Neat. Never heard of it. Do I ever encounter it? I can’t just call up Con Ed for that, right? Buy some [devices called?] to [whats the word?] to transform the signal? [devices called Transformers?–i know them as AC/DC things only.]
Got it. I’m going to go look up again the Edison-Westinghouse battles. (Wasn’t there an electrocuted elephant involved?)
Means: do the devices exist, if they do what are they called, and what is the technical word for such a conversion/transformation of the signal?
Also, of course, “did I ever encounter them” means: what the heck uses polyphase power?
3 phase power, poly phase, is used in the business and industrial world. Motors over 1 Hp are often three phase. A single phase motor requires 3 wires, and a capacitor, require more amps on the single leg, and are physically larger. A 3 phase motor requires 4 wires but require less amps per leg and are physically smaller.
The 60 cycles on single phase or 3 phase means that the time of 0 amps, volts, or power is only for 1/60 second, not enough to slow a motor or heater down. Put a strobe light on a single phase motor and it will appear to run at a constant speed.
You encounter it all the time and don’t realize it.
Most power in the U.S. (and most other parts of the world) is generated using 3 phase polyphase power.
Let’s say you are using single phase power, and you have 3 areas that you need to give power to. You run 3 sets of wires out and 3 sets of wires back, because electricity has to make a complete circuit out and back to work. Now, let’s do the same thing with 3 phase power. You run three sets of wires out, but you tie all three return wires together and run a single wire back. And here’s the trick. If you add 3 sine waves together that are each 120 degrees out of phase with each other, they add up to zero. That means that if everything is perfectly balanced, you have no current at all flowing through that single return wire, and the wire doesn’t need to be there. In the real world, your loads will rarely be perfectly balanced, but you can use a fairly small return wire, instead of needing 3 separate return wires or one really big return wire.
So that’s exactly what the power company does. Power is generated and sent to substations using 3 phase.

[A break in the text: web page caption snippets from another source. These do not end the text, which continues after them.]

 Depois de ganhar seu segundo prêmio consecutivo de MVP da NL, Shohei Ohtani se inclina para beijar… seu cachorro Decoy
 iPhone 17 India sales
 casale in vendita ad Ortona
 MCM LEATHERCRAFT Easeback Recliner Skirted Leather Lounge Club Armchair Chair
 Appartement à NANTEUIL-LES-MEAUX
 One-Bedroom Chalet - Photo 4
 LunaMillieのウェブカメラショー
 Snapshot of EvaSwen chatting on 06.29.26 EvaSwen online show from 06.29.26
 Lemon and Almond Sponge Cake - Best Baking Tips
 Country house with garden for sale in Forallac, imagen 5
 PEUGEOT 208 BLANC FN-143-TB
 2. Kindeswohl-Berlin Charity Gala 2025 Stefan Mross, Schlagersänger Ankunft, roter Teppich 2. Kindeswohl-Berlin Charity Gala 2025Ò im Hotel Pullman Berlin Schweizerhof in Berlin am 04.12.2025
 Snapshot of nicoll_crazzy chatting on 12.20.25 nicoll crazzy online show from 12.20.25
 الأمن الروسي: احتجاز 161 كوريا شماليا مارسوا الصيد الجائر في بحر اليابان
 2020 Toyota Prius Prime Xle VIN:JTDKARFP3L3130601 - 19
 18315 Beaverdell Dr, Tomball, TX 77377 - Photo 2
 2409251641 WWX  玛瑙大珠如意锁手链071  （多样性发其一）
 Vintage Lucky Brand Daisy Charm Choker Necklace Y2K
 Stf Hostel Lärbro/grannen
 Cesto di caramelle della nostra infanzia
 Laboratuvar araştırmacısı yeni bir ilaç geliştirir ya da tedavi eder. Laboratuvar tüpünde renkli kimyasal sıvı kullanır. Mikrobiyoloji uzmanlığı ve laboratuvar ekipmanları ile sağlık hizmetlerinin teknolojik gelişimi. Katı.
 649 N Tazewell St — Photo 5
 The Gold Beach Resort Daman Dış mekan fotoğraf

Look at those big transmission line towers. They usually have 3 wires (or 3 pairs of wires) hanging from them, with one smaller wire on top (a protective ground to help shunt lighting strikes to ground instead of having them go down the wires). When the electricity gets to the substation for your neighborhood, then it is typically split into 3 individual phases that are run to separate houses. So for each circuit around your neighborhood you still need two wires (one out and one return), but from the substation back to the generator you only need 3 big wires and one small one.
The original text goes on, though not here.